# **ComS / CprE 583 – Reconfigurable Computing**

## Take-Home Midterm Exam Assigned: October 19 Due: October 26 (12:00pm)

[Note from Joe: As in the first three homework assignments, some of the questions here do not have a strictly correct answer. You will be graded on how well-formed your arguments are. Also, please keep in mind that you need to work individually on this and that no late submissions will be accepted.]

### 1) Review [25 points]

- (a) Is an exhaustive set of pre-computed values (e.g. a sin/cos lookup-table) stored in memory an example of reconfigurable computing? Why or why not?
- (b) In what scenarios might an anti-fuse FPGA be a more sensible choice than an SRAM FPGA?
- (c) Why are FPGAs not able to run at 2-3GHz like conventional modern microprocessors?
- (d) Why are most FPGA computational elements based on 4-LUTs? What would be a limitation of devices that use (k < 4) or (k > 4)?
- (e) In what ways is the Xilinx XC4000 switchbox different from a universal switchbox? How could this affect practical designs?
- (f) Under what conditions might one want to use distributed LUT-based memory resources as opposed to BlockRAM?
- (g) What is a "slice"? How does it differ from a CLB?
- (h) Apart from adders, describe the kind of circuits that are likely to make good use of the fast carry-chain logic found in commercial FPGAs.
- (i) What is systolic computing, and how does it relate to reconfigurable computing? How are loop transformations utilized to implement systolic computing structures?
- (j) How does the FPX architecture make use of two FPGAs? What advantages and limitations might there be of an equivalent single-FPGA approach?
- (k) How does logic emulation differ from logic simulation? Why do logic emulators sometimes require multi-FPGA systems, while logic simulators can be run on standard PCs?
- (l) Provide an example circuit where neither an ALAP nor ASAP scheduling will provide an optimal behavioral synthesis solution, in terms of required functional units.

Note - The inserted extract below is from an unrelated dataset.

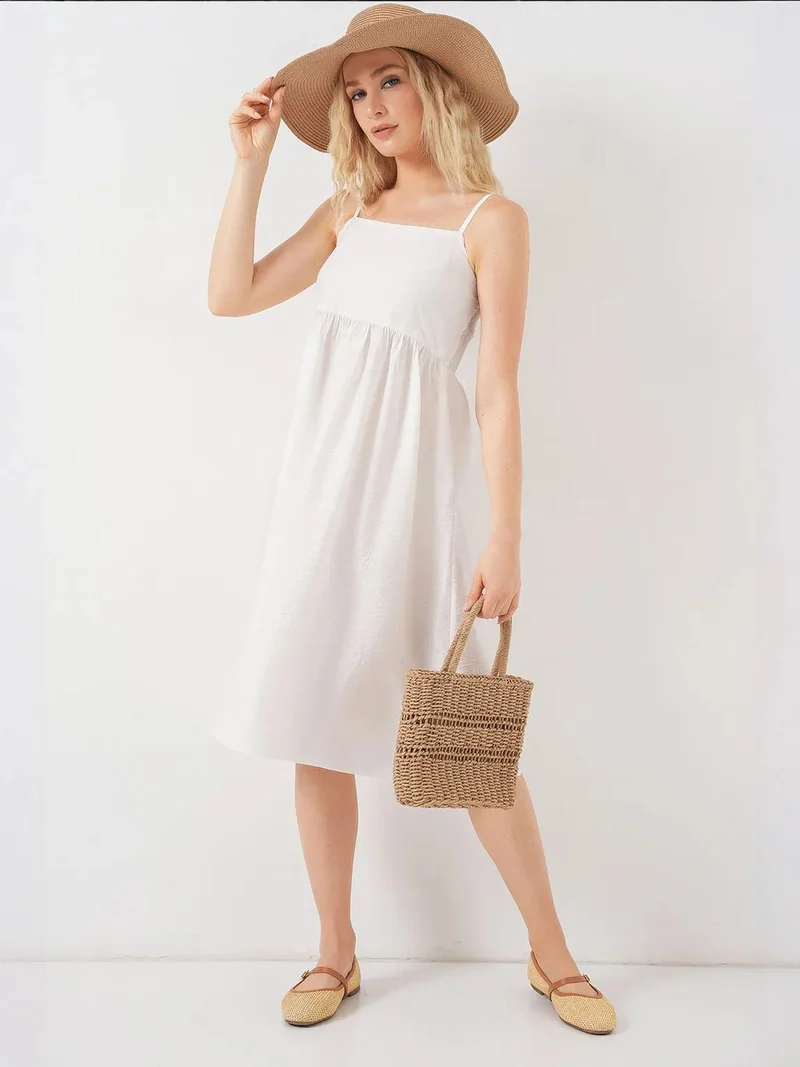 بيغ دارت فستان ميدي بياقة مربعة من  بنقش بارز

### 2) Analysis [25 points]

- (a) For memory-bound algorithms, a measure of *memory density* might be of greater importance than that of *computational density*. Argue for or against this concept. How do modern FPGAs compare to microprocessors in this regard? Extend this analysis to the concept of memory *bandwidth density*.
- (b) Many of the LUT-based structures we have studied so far have had a single bit as output. Argue for or against the use of a kc-LUT, which has a k-bit input and computes c different Boolean functions.
- **(c)** Consider a semi-constant multiplication operation, where the "constant" value is guaranteed to change every *N* iterations. How fast will the reprogramming operation need to be in order to justify the usage of a LUT-based constant multiplier, as compared to a standard array multiplier? Assume the multiplication is needed every iteration.
- (d) Are systolic designs on average more area-efficient (in terms of throughput per slice) than functionally-equivalent iterative designs? Explain why or why not, considering the impact of clock frequency on throughput and efficiency.
- (e) Will a partitioning-based algorithm be able to provide an optimal placement for an arbitrary circuit? If your answer is yes, briefly explain why. If your answer is no, please provide a counterexample.

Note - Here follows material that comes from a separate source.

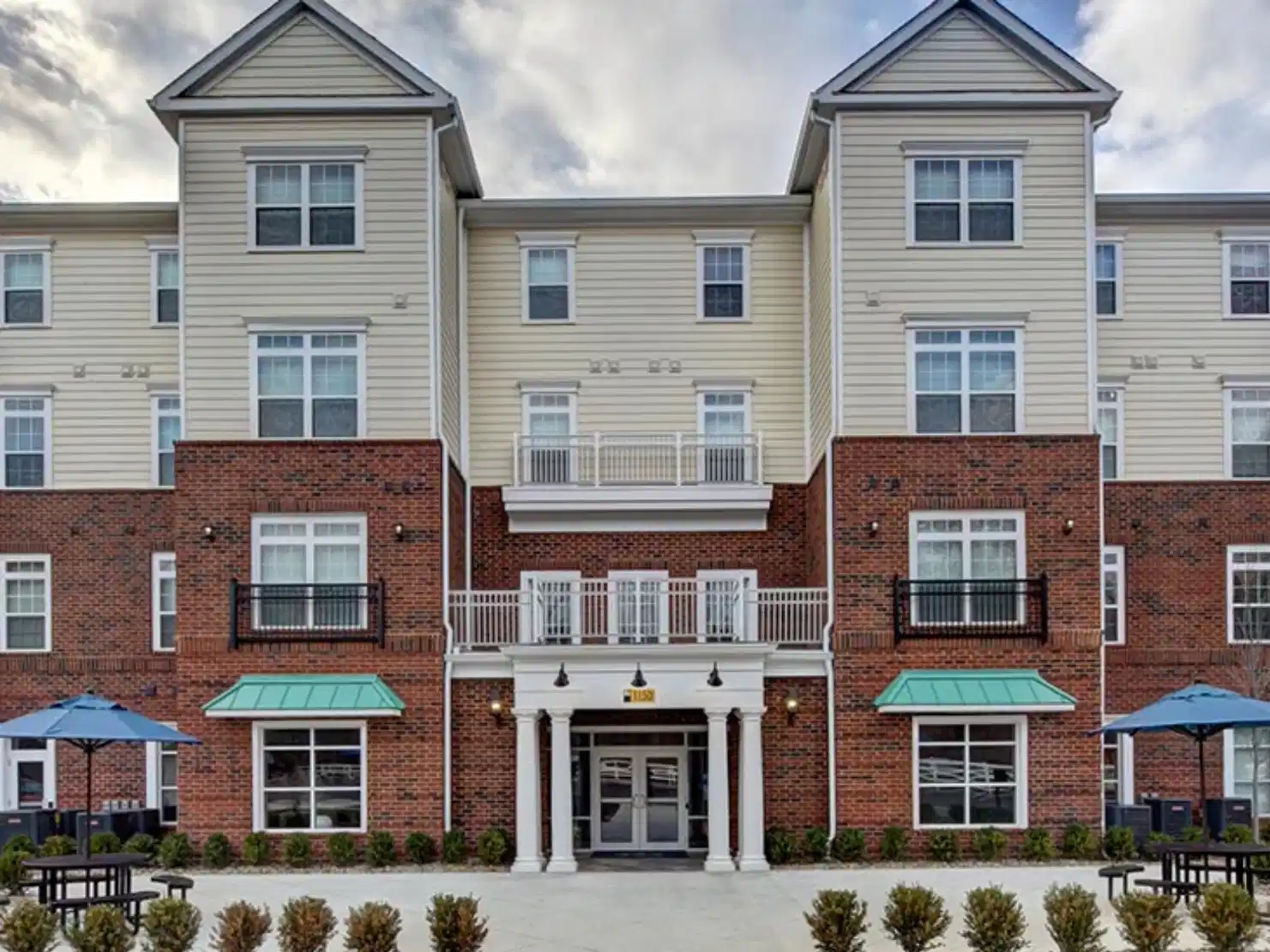 University Edge, Kent - Akron, Ohio, United States - Exterior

#### 3) Extension [50 points]

- (a) Design an architecture that could be used to efficiently spell-check a large document using a SPLASH-like system. How would "close" matches be determined?
- (b) Design a hybrid crossbar interconnect scheme for a multi-FPGA system, such that a two-dimensional mesh systolic structure can be implemented with single-hop delays for the East and West nearest neighbor connections, and three-hop delays for the North and South connections. For simplicity sake, assume that the horizontal dimension of your mesh will be five FPGAs or less. Can this scheme be easily modified to allow for a single-hop one-dimensional systolic array (spanning multiple rows of the original 2D structure) as well?
- **(c)** Design a reconfigurable device which would be mainly used for quantitative evaluation of various CPU microarchitectural configurations. What would be the base logic elements? How would they be arranged? What other design concerns would you have?